Glad you had the overheating fixed.  I changed my radiator in 2011 to one re-cored from Gernold and my cooling issues went away.

Some comments however--

1)  Coolant strength has to do with freeze point and little else; pure water actually has better heat removing capacity than anti-freeze, but the mix strength just has to do with the freeze point and probably little else in the way of keeping your car's temperature cool.

2) Thermostat?  Yeah, it's a big deal.  Have the right one in there, and ensure it works.
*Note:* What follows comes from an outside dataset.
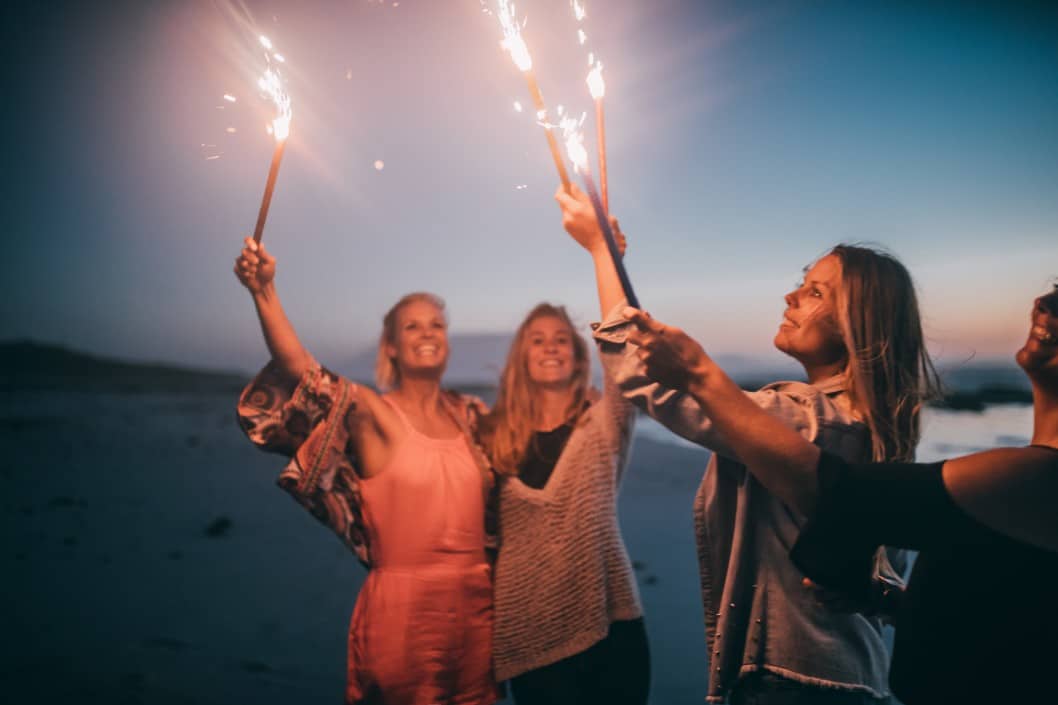 Women celebrating New Year's resolutions on beach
3) Water wetter?  I don't believe it; and the testing isn't proving anything: http://www.thetruthaboutcars.com/2008/01/redline-waterwetter®-review/  I don't think there's any kind of magic additive you can use to reduce your operating temps by 30 degrees.
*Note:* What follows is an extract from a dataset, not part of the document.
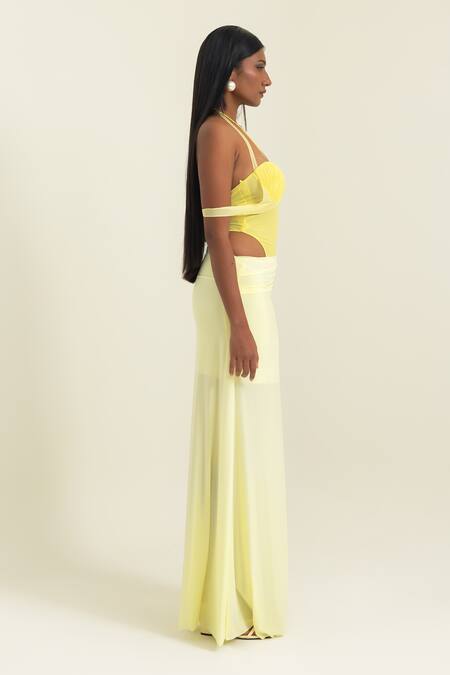 Pinup By Astha_Yellow Lycra Pom-poms Halter Neck Ruched Bust Cut-out Gown _at_Aza_Fashions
4) Fan clutch? Yeah, that too is a big deal.  If it doesn't work, you'll have issues.

Dr. Benz will always tell you that a good deal of the heat removal is done by the oil.  Thus clean oil, and an oil cooler are part of the equation, too!

Michael Salemi
Davidson, North Carolina (Charlotte Area) USA
1969 280SL (USA-Spec)
Signal Red 568G w/Black Leather (Restored)
2023 Ford Maverick Lariat Hybrid "Area 51"
2022 Ford Escape Hybrid
2023 Ford Escape Hybrid

Benz Dr.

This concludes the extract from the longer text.